Sep 30 2021

UK’s winter of discontent

Reports of the UK’s energy crisis reads more like something from dystopian fiction. Spiralling gas prices, wholesale power price spikes, the collapse of energy retailers squeezed between price caps and high spot prices, as well as industrial plants having to curtail operations and concerns about energy costs to homes as the UK enters winter.

So how did it get to this? There has been an extraordinary confluence of factors, some homegrown, some the result of international factors, but regardless it is likely to see questions around the UK’s management of its energy transition and the adequacy of policy measures, such as retail price caps.

It’s a gas

The main catalyst has been a dramatic jump in gas prices due to supply issues. S&P Global reported month-ahead gas prices were up 420 per cent since the start of the year. Figure 1 illustrates the dramatic increase in gas prices this year. The gas price has also had a significant impact on wholesale electricity prices which have spiked dramatically (see figure 2) given the key role of gas-fired generation in the UK’s grid.

Figure 1: Gas price change (UK Pence per therm)

Figure 2: UK wholesale power - season ahead prices, winter 2021 (GBP/MWh)

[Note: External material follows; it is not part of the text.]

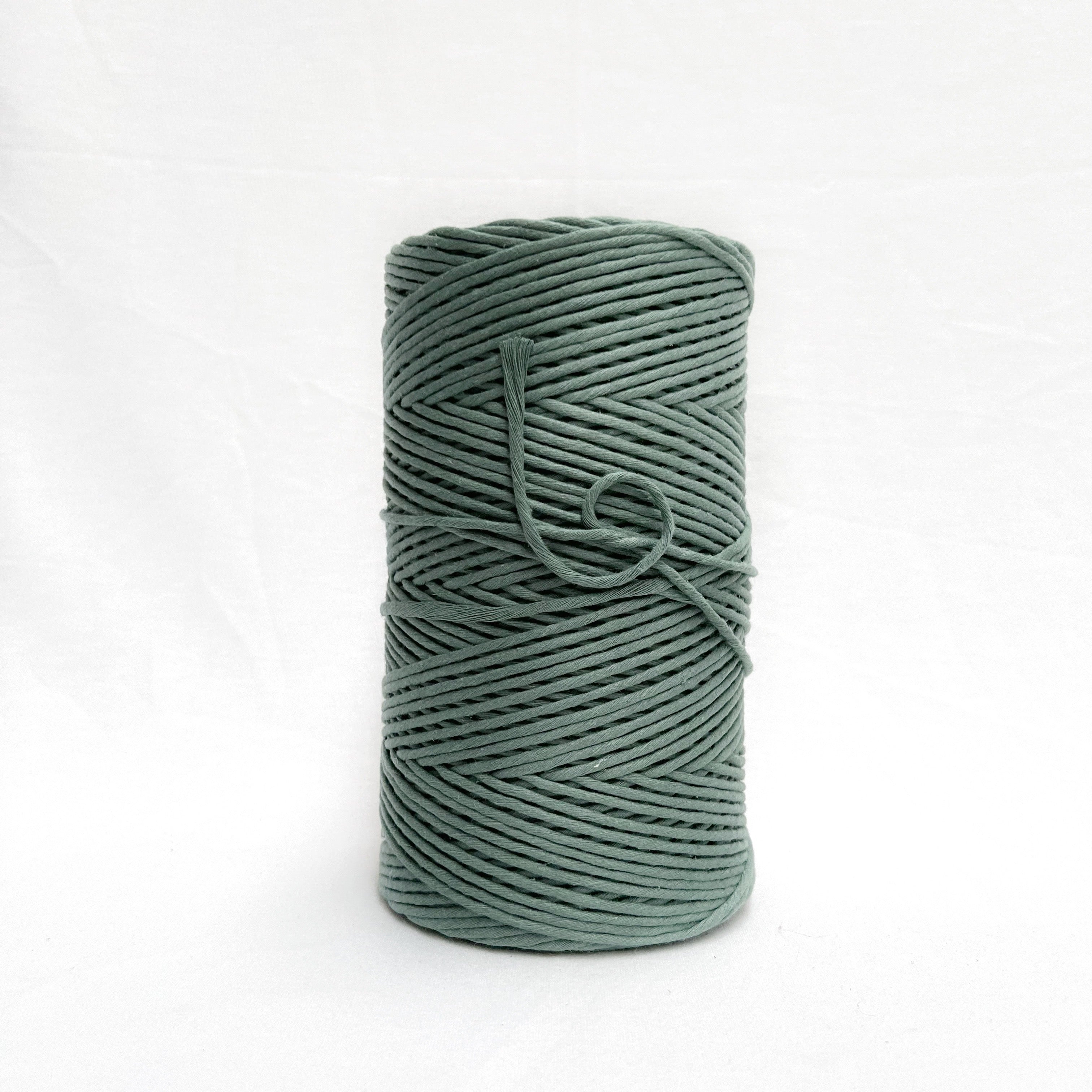 mary maker studio 1kg 5mm recycled cotton macrame string in dusty winter green colour buy online for macrame workshops beginners and advanced artists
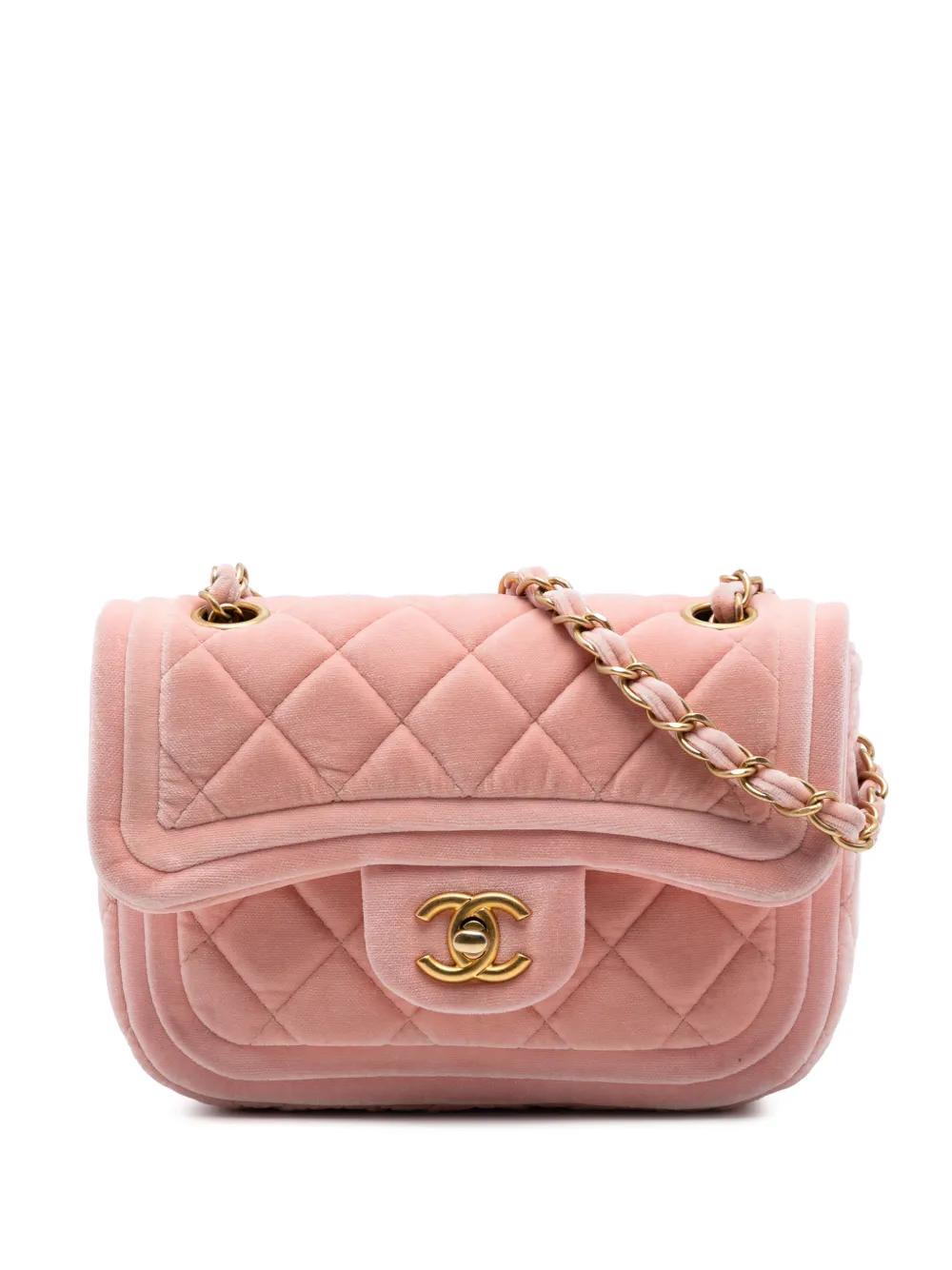 CHANEL Pre-Owned 2021-2026 Mini Quilted Velvet Double Frame Flap crossbody bag - Rosa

Source: Catalyst Digital Energy

Gas supply issues are being experienced across Europe and the US, which is a big supplier of gas, also experiencing difficulties and seeing higher gas prices. As a result, power prices in Germany and France also jumped by around 40 per cent recently. In many countries, including Britain and Spain, governments have introduced emergency measures to protect consumers, while some industry has ramped down including aluminium smelters in Mexico and fertiliser plants in Britain.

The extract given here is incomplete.